TBH I'm not sure it'll work anyway -- is there some clever load-balancing going on that will ensure that requests from a single user always hit the same server? If not then there's no guarantee that you'll be hitting the same server for the Flash as for the JSON.
Try one of these
$.getJSON("https://domain.com/folder/filename.asp&callback=?", function(data) { alert("Success >" + data + '<'); });
note the &callback=? appended to the url
or
$.ajax({ url:"https://domain.com/folder/filename.asp", dataType: 'JSONP', jsonp: false, jsonpCallback: processResponse )}function processResponse(data) { alert("Success >" + data + '<'); }
The first creates a js error message similar to "ABC123 is not defined" - when I view the generated source I can see that the call is injecting
<script src="https://domain.com/folder/filename.asp?callback=jsonp1317979150312"></script>
Which is a step forward, for sure.
The second again gets a 200 OK response but no data.

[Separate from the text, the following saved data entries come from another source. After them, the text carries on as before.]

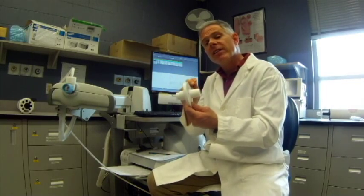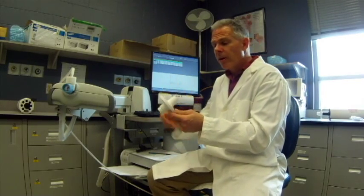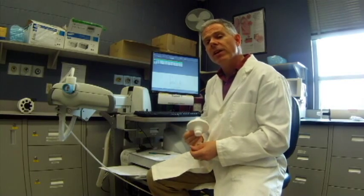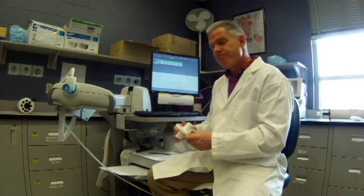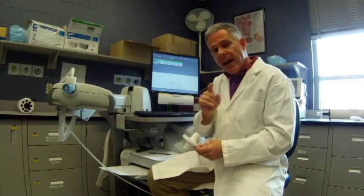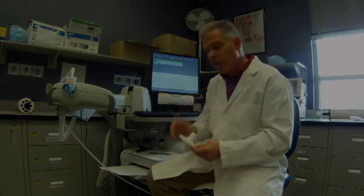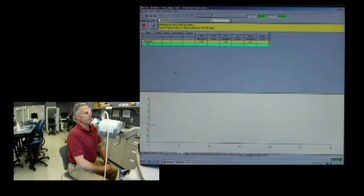We're going to look at the results on the computer so we can know if we have a good test. That's the slow vital capacity maneuver — let's try that with a patient.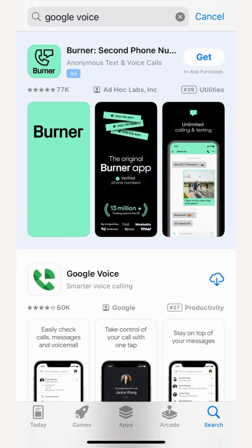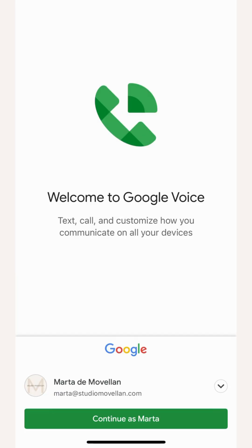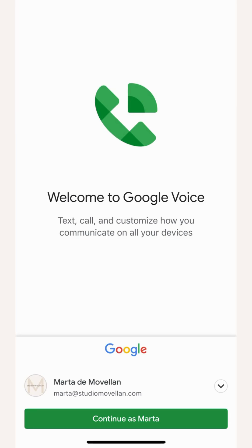First, download the Google Voice app from the App Store on your phone. Sign into your Google account, then search for available numbers by city or area code. Select the phone number you want and follow the rest of the on-screen instructions.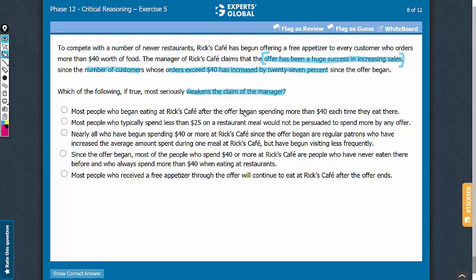Answer choice A says that most people have begun spending more than $40 each time they eat here since the offer. If this is so, it indicates that the offer has been successful in increasing sales, so this answer choice strengthens rather than weakens the conclusion. Let's eliminate this answer choice.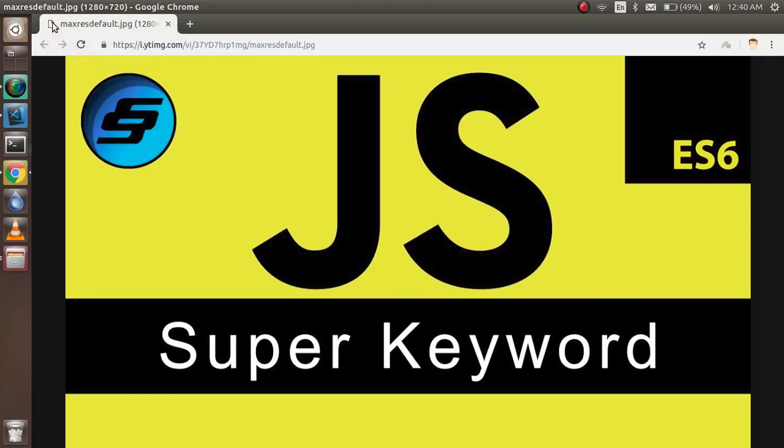Hi everyone, welcome back in this JavaScript video tutorial. In this video, we are going to learn about the super method and the super keyword. First of all, I want to tell you that this is the most asked question in interviews also.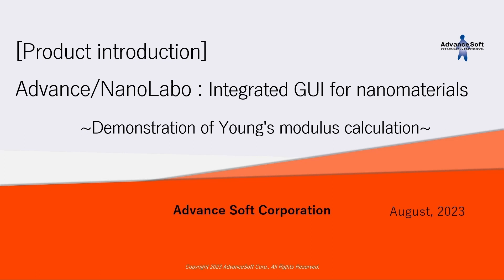In this movie, we will introduce Advanced NanoLabo, an integrated GUI for nanomaterials developed by Advanced Soft Corporation.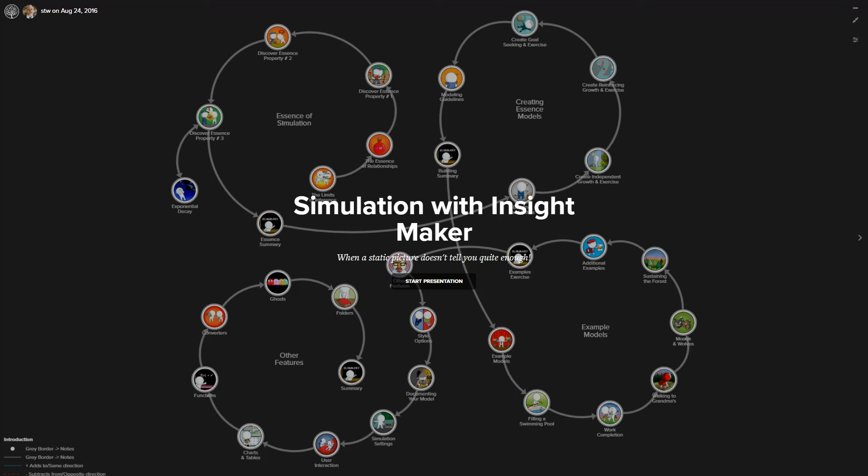I'd like to provide a short introduction to simulation with InsightMaker, which is a free web-based online learning environment from Systems Thinking World. This program introduces one to the development of stock and flow simulation models with InsightMaker.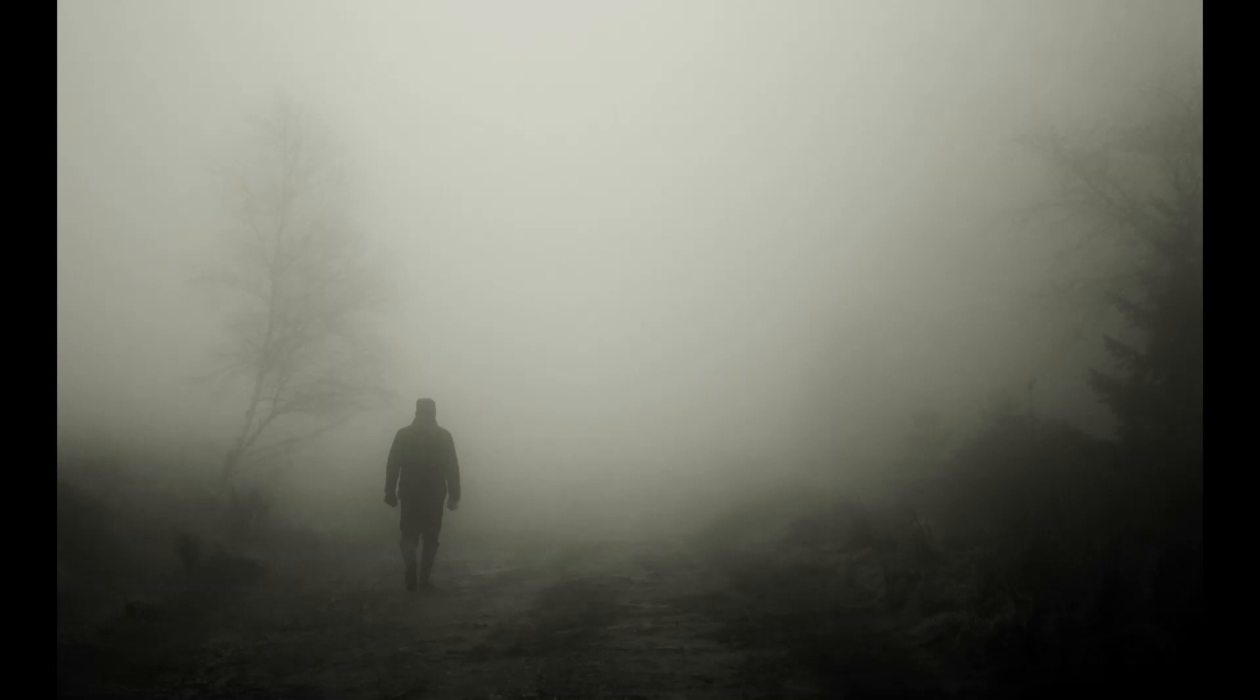And then it happened. For seemingly no explicit reason, light rippled and darkness bled. Then light exploded, consuming darkness, and all was lost.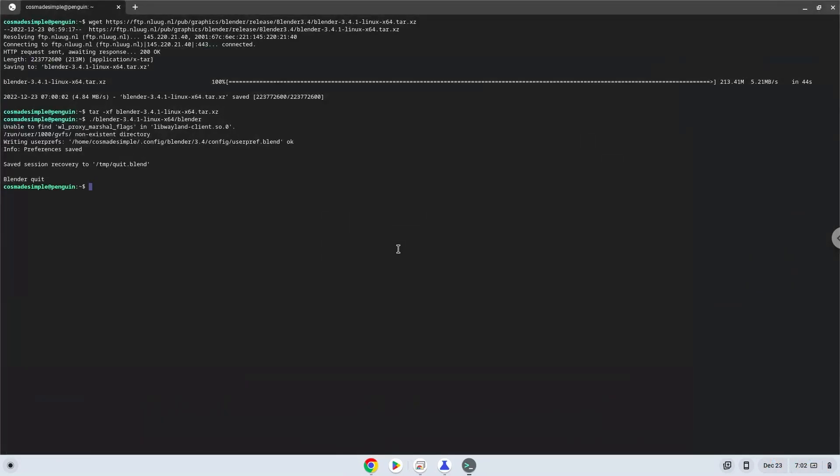Now we will install a menu editor which we will use to add Blender to our menu. Firstly, we will update the repositories of our Linux apps.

is there some clever load-balancing going on
I have no idea if it is clever or not, in fact I highly doubt it... but that is the only possible way I can get a hint at which server is serving the content. It is very very hard getting the 3rd party to do anything useful, and I have a sporadic bug in the flash which I am certain is due to one server in the farm serving a broken .swf.
Gosh.. now can I get an error - I am attempting to hack the onerror to get the actual message!
window.onerror = function(errorMsg, url, lineNumber) {
alert("Error caught - " + errorMsg + " : " + url + " " + lineNumber);
return true;
};
This is not the programming I was taught!
Right now, alas, not getting very far, but it seems promising.
Hang on, so you're not actually retrieving a properly formed JSON object?
Change the dataType line to
dataType: 'jsonp text',
That should then treat the returned object as text - you may still need to ensure that the returned object is correctly formed JSON but give that a try first.
.. which works in IE but not Firefox.
Luckily most of our users are on IE.
That should then treat the returned object as text
Will try that, it's better than hacking global onerror.
is it your swf that returns the JSON object?
Can you amend it so that it returns a properly formed object
{ "id" : "ABC123"}
and then in the callback function access it via correct notation
alert (data.id)
You will need to set the datatype back to just 'jsonp' not 'jsonp text'
Originally posted by scudsucker
Bugger. So I am fucked then. I can't get anything from the 3rd party server except that text (or the IP, but that is shared for all the servers on the farm)
dataType: 'jsonp text'
silently fails in both IE & Firefox.
Back to hacking the window.onerror...
I would dearly love to get the 3rd party to do some dev work and make the URL spit out JSON instead of text - after all, we pay them shitloads - but they have a minimum 3 month lead time, and I'd need to motivate why I need them to change something that is rarely required.
Try this lib jquery-jsonp apparently it will handle mal-formed JSON
That also does not work - getting the error function each time, with no data. That library looks cool though - I like the "dataFilter" for pre-processing whatever rubbish the server sends.
But - I am being stupid. I realised that there is probably a crossdomain.xml file - and when I checked, there is, so I am going to do it with flash instead.
why not bounce it through a server script on your own domain? or run a cron to localize it so as to be kind to the data provider?
That is the obvious solution - but, if I set up a script to read the value from my server, it will not necessarily be the same as what the user sees, and I need to know which server the user is hitting. I can't be sure my "proxy" script will be directed to the same server in the webfarm.
By the way, the crossdomain policy is not on that farm - I typo'd the url and unfortunately the domain I need to query does not have a crossdomain.xml.
Back to hacking the js window.onerror message, that's the only promising route I can see. Gosh.